Exceptions to obtaining scrip for scrip rollover are not applicable
Section 124-795 of the ITAA 1997 contains a number of exceptions where scrip for scrip rollover cannot be chosen. The exceptions where scrip for scrip rollover cannot be chosen are as follows:
(a) Original interest holder is a resident of Australia
Subsection 124-795(1) of the ITAA 1997 provides that rollover is not available if, just before the disposal, the original interest holder is a foreign resident unless, just after the acquisition of the replacement interest, the replacement interest is not taxable Australian property.
Company A is a resident of Australia at the time of the arrangement. As a consequence, the exception in subsection 124-795(1) of the ITAA 1997 will not apply to limit this ruling in that regard.
(b) A capital gain cannot (apart from the rollover) be otherwise disregarded
Paragraph 124-795(2)(a) of the ITAA 1997 provides that the rollover is not available if any capital gain the original interest holder might make from their replacement interest would be disregarded (except because of a rollover).
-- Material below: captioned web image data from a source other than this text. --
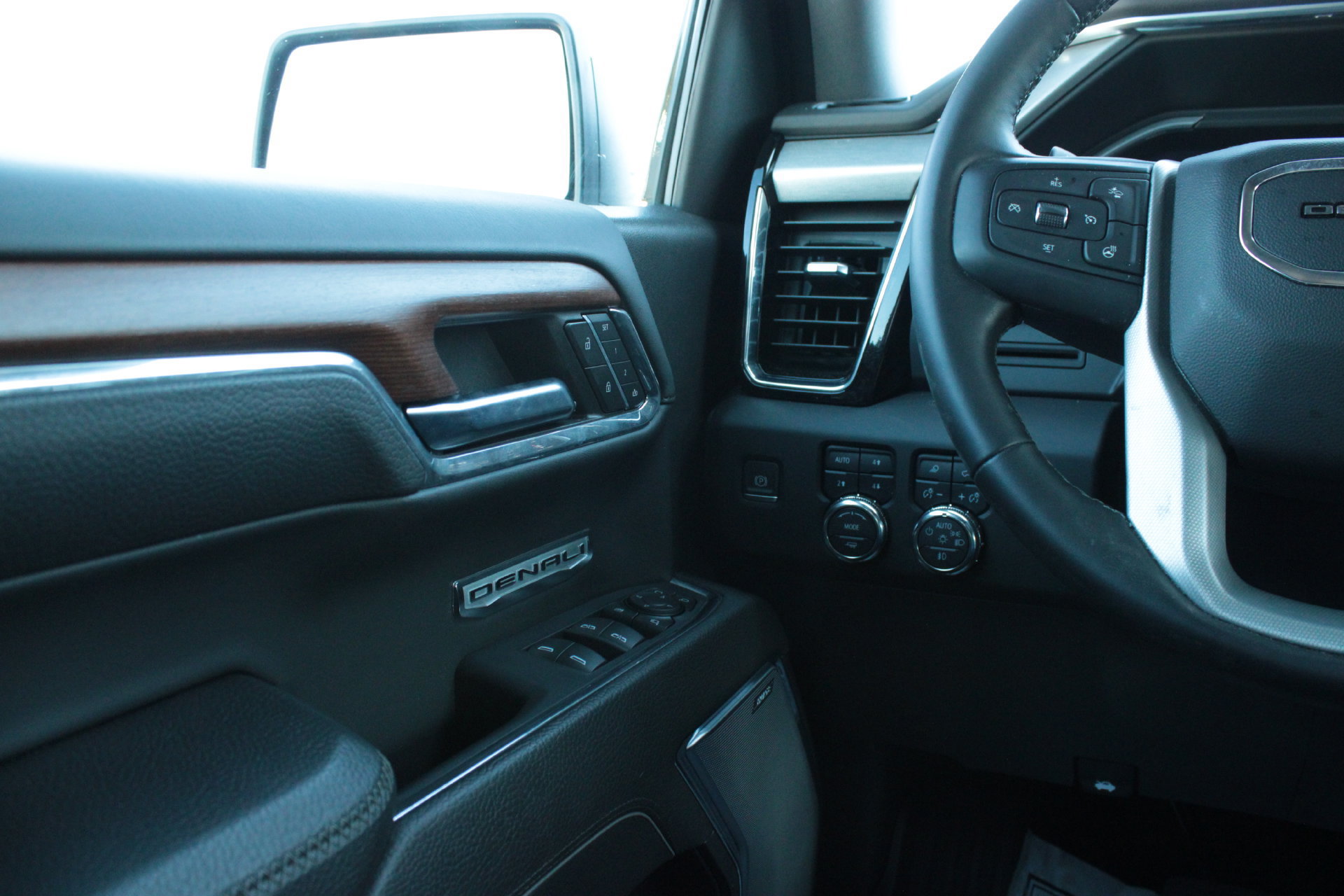 Used 2023 GMC Sierra 1500 Denali AWD/4WD image 26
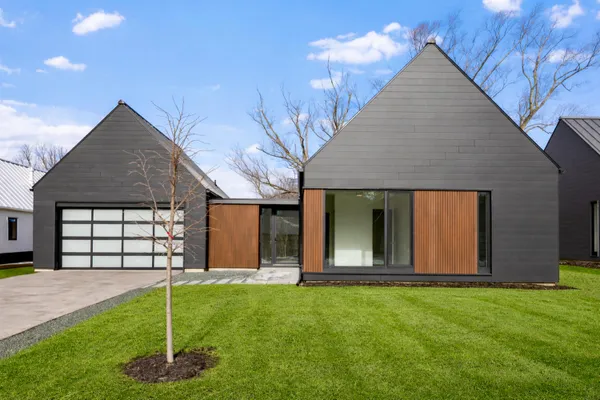 $3,990 | 1185 Harmony Court, Grafton, WI 53024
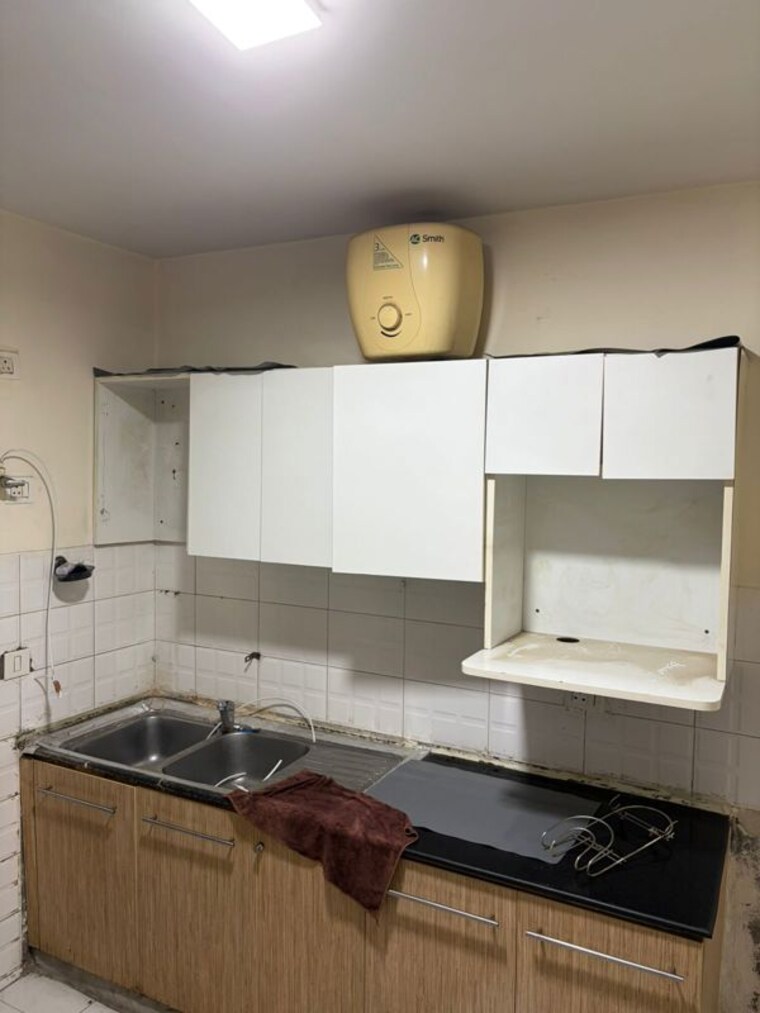 Kitchen, bptp-the-resort 3.5 Bedroom 2037 Sq.Ft. Apartment In Sector 75 Faridabad 10670549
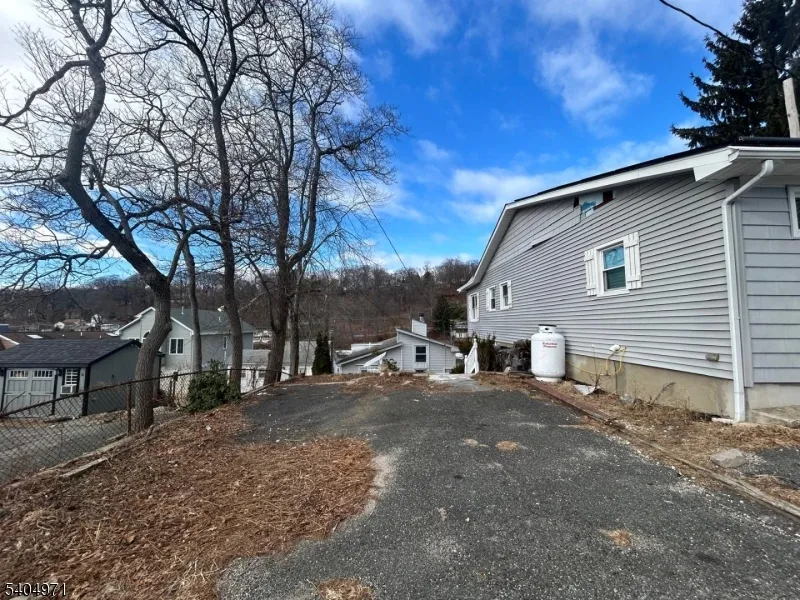 38 W River Styx Rd Hopatcong, NJ 07843
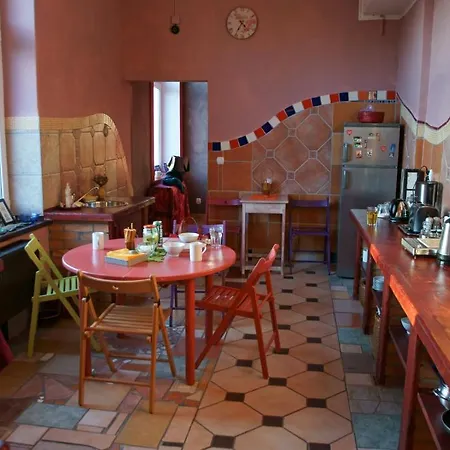 El Hostel *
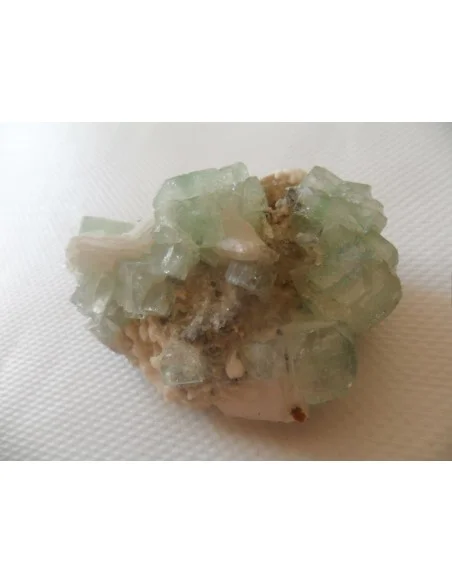 Apophyllite verte  Apophyllite verte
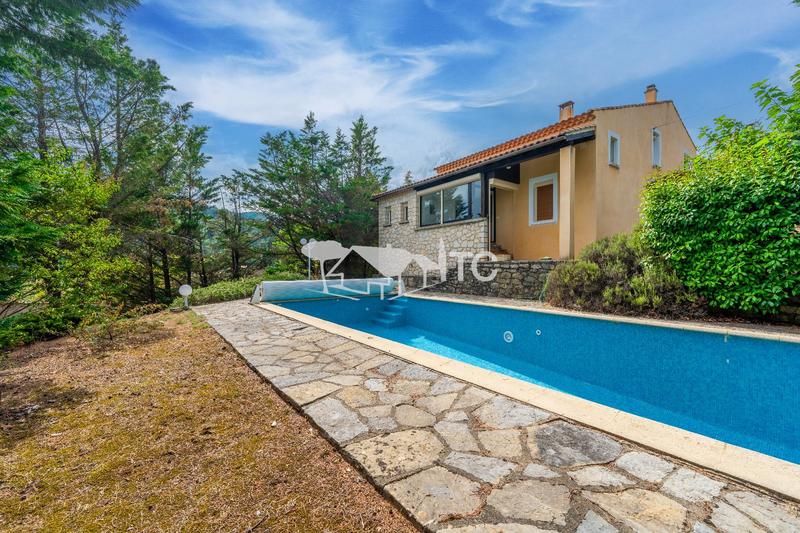 Maison - 154 m² - 7 pièces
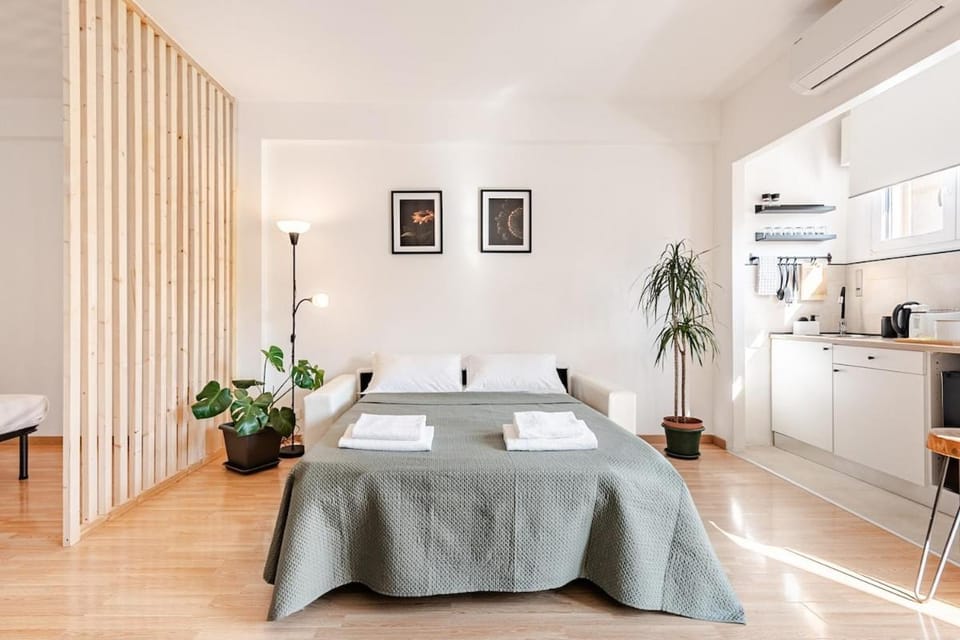 Bed, Kitchen or kitchenette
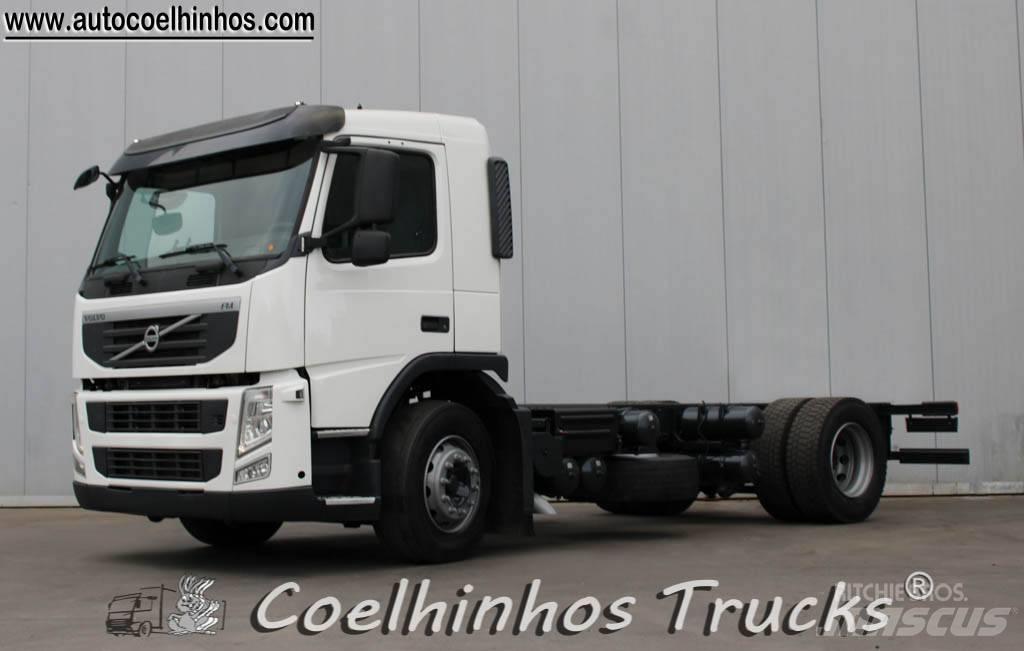 Volvo FM 330 Camiones con chasís y cabina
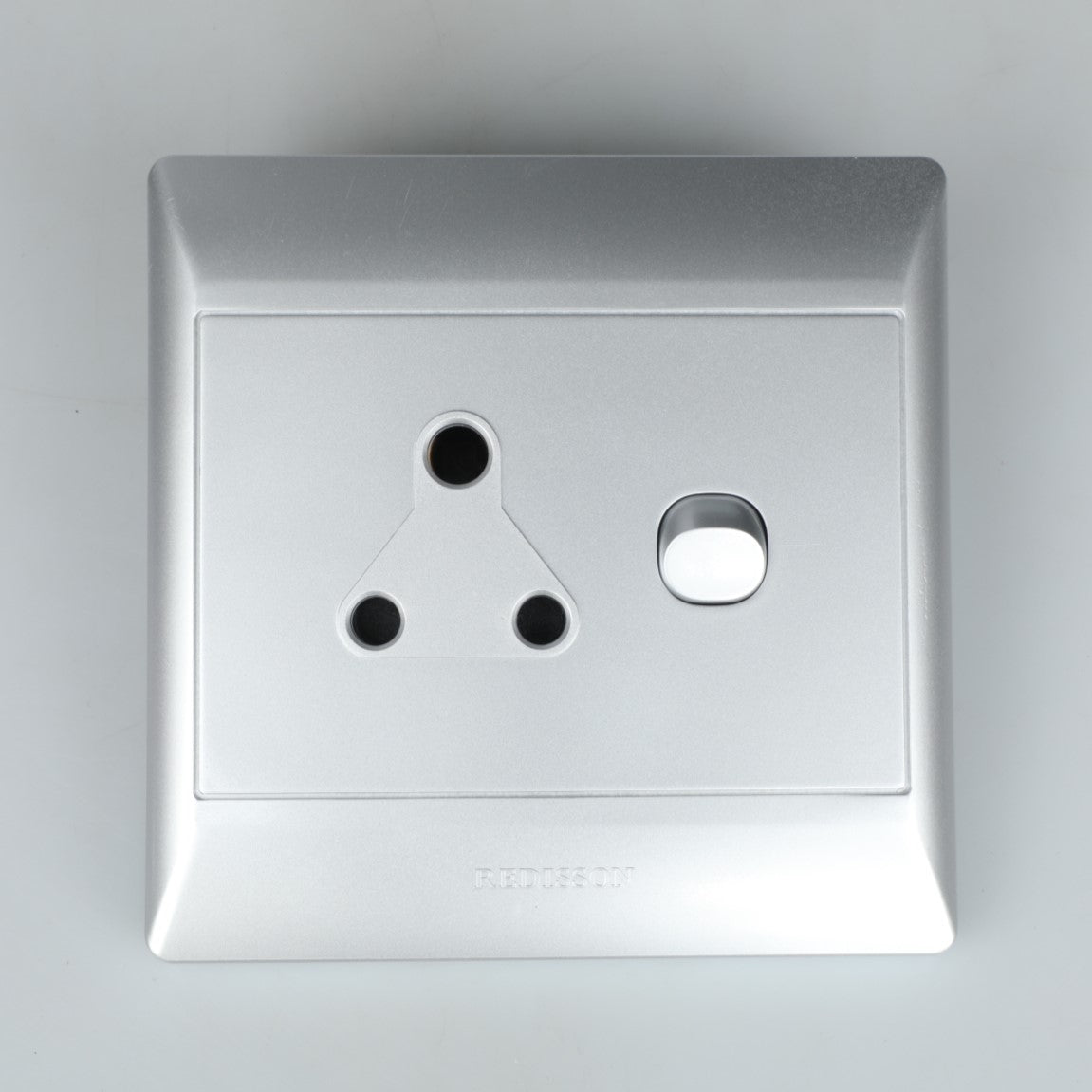 REDISSON Silver Wall Switched Socket – Effortless Control and Enduring Quality S001 SIL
The facts provided in support of this ruling application do not indicate that this exception is applicable.
(c) Acquiring entity is not a foreign resident
Paragraph 124-795(2)(b) of the ITAA 1997 provides that the rollover is not available if the original interest holder and the acquiring entity are members of the same wholly owned group just before the original interest holder stop owning their original interest and the acquiring entity is a foreign resident.
This exception will not apply as Company A and Company F were not members of the same wholly - owned group just before the arrangement was implemented. In addition, Company F is not a foreign resident entity.
(d) No rollover is available under Division 122 or Subdivision 124-G
Subsection 124-795(3) of the ITAA 1997 provides that the rollover is not available if a rollover can be chosen under Division 122 or Subdivision 124-G of the ITAA 1997.
This exception will not apply as the circumstances of this arrangement are such that a rollover pursuant to Division 122 or Subdivision 124-G of the ITAA 1997 is not available.
Availability of Scrip for Scrip rollover for Company A
Company A, as head company of the Company A tax consolidated group, will be eligible to unilaterally choose to obtain roll-over pursuant to section 124-780 of the ITAA 1997 in respect of the exchange of shares in Company B1 for ordinary shares in Company F.
Company A is considered to be neither a significant stakeholder nor a common stakeholder for the purposes of section 124-782 of the ITAA 1997. Accordingly, section 124-782 of the ITAA 1997 has no application in this instance and Company A can unilaterally choose to obtain scrip for scrip rollover under paragraph 124-780(3)(d) of the ITAA 1997.
The requirements contained in Subdivision 124M of the ITAA 1997 are all considered to be satisfied.
Question 2
The way in which Company A, as head company of the Company A tax consolidated group, prepares and lodges its income tax return for the year ended 30 June 2011, will be sufficient evidence of the making of its choice to obtain rollover pursuant to section 124-780 of the ITAA 1997. This is in accordance with section 103-25 of the ITAA 1997.
Please note that an entity which made a capital gain during the year is required to complete a Capital Gains Tax (CGT) Schedule. "Part K" in the 2011 Schedule (NAT 3423-6.2011), requires an entity to report details regarding scrip for scrip rollover.